We worked out monthly expenses - including an average amount for bills - added a buffer amount for unexpected costs, set up a joint account and each transfer money monthly. All household direct debits such as wi-fi, insurance go through that account too. The joint account has a fixed, low overdraft limit, and is with a different bank from our personal accounts so there's no possibility of administrative error.

It works well and it means that we're not monitoring each other's personal spending. Also I know far too many people who have had huge arguments over money and having a separate account that contains what's needed for running the household reduces that possibility.

As with other posters would never have a joint account as the sole account, would feel too much like having a 'parent' monitoring my spending and vice-versa.

mamalovebird · 17/08/2018 17:33

Before kids, we earned roughly the same so had separate personal accounts and a house joint account that we tfr'd money into for all bills and a bit extra for unexpected costs.

After kids I went part time so we made the joint account where both our salaries go to cover all expenses and we each get an equal amount of spends into our personal accounts.

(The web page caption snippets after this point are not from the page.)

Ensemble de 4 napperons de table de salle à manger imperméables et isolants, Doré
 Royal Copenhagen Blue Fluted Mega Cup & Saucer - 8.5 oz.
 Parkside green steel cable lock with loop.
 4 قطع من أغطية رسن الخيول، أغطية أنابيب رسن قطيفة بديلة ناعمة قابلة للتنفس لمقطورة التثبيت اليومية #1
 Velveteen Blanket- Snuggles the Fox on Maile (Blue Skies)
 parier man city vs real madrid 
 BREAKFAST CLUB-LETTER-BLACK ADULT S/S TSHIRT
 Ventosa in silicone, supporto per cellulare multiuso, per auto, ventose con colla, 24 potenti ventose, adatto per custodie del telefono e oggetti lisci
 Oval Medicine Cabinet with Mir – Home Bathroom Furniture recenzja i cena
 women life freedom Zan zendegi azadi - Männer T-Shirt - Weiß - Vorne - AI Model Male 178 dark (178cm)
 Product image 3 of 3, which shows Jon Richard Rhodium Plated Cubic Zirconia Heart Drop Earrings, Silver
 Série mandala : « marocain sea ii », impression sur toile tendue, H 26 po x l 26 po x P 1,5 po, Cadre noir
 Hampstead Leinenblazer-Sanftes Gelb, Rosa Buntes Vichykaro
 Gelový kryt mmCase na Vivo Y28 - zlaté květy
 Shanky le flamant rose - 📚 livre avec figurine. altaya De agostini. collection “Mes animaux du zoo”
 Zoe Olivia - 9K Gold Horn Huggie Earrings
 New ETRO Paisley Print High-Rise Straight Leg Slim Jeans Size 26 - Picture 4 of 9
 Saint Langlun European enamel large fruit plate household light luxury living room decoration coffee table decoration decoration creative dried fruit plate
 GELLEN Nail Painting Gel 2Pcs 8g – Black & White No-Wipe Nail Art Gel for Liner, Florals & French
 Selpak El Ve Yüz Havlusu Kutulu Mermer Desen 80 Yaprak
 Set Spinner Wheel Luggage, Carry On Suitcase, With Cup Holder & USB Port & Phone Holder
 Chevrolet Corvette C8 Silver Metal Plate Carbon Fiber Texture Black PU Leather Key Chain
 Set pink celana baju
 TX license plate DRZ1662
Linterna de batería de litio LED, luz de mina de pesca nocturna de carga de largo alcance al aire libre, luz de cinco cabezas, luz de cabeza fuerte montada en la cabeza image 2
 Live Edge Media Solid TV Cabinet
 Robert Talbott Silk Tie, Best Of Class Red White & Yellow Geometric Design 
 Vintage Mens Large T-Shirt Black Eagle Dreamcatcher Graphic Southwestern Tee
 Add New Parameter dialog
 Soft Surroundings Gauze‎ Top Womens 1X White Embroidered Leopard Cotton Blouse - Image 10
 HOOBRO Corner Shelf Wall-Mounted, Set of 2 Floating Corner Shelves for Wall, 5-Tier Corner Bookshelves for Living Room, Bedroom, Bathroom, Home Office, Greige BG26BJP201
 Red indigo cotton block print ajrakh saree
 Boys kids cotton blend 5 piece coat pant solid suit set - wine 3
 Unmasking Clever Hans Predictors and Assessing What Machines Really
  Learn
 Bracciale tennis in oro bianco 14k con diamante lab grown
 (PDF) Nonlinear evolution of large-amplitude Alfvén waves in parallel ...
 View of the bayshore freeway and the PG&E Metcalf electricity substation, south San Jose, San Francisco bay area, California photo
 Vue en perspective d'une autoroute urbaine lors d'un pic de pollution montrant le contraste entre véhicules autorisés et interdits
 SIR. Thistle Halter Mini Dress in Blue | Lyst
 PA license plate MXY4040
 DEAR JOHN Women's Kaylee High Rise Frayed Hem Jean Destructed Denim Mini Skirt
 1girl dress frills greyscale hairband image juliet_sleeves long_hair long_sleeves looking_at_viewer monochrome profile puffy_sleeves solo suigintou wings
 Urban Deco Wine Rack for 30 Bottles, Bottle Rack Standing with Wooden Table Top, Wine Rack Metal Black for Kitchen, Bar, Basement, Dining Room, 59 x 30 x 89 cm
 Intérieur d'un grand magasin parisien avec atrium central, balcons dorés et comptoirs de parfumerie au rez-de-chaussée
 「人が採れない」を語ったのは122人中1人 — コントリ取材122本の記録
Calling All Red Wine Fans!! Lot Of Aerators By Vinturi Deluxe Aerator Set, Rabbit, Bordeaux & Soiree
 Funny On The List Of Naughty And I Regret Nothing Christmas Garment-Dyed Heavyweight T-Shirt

mindutopia · 17/08/2018 18:35

You get one when you want one. My dh and I have been together 10 years and we’ve never had a joint account. We each keep our own personal accounts (and he has a business account) and we share expenses proportionately. One day we will get one as our expenses and income will change a bit soon and it will make it easier that way. But we would just pay our share in and pay expenses out of that and keep our personal accounts for all the day to day personal expenses. I can’t imagine having just one shared account. I’ve lived too long having my own money and managing it my way.

Bezm · 17/08/2018 18:46

We have always had a joint account. I earn double that of my DH, always have. We discuss all big purchases. In the first 10 years we had no spare money, everything went in bills. Now we have much more spare cash but still have a joint account.
Both my DDs have seperate accounts from their .DPs. Each couple earns a similar amount and they put the same amount into a joint household account. One of my DDs will get bigsalary increases each year as she progresses with her job Andy they have decided that she will put in a bigger percentage of her income than him when she does.

Inthetropics · 17/08/2018 18:49

I'm single now but if I ever get married again in the future i plan on having separate accounts and one joint account to which we'll each transfer a percentage of our money for the bills.

After a divorce in which my exDP took all the money and hid it i'd advise everyone not to trust anyone completely. I trusted her entirely and thought we'd both have a calm and fair divorce but that was not what happened. I didn't even had money for foos and had my water cut for 15 days.

Inthetropics · 17/08/2018 18:50

foos = food

savingshoes · 17/08/2018 19:35

When I first took out a mortgage with my partner, we got a joint account when we were paying solicitor fees etc. The plan was to later use the joint bank acc to pay money in from our personal bank accounts for bills.

Within a few months of getting the place I learnt the hard way that my partner was brought up differently with regards to finances. Once he'd spent all the money in his personal account, he would then work on spending money in the bills account because it was 50% his money in there and the next bill wasnt due for a few days.
I lost count of the times I used my savings to pay a bill/fine because we had gone over our overdraft.
Needless to say - we dont have a joint account anymore!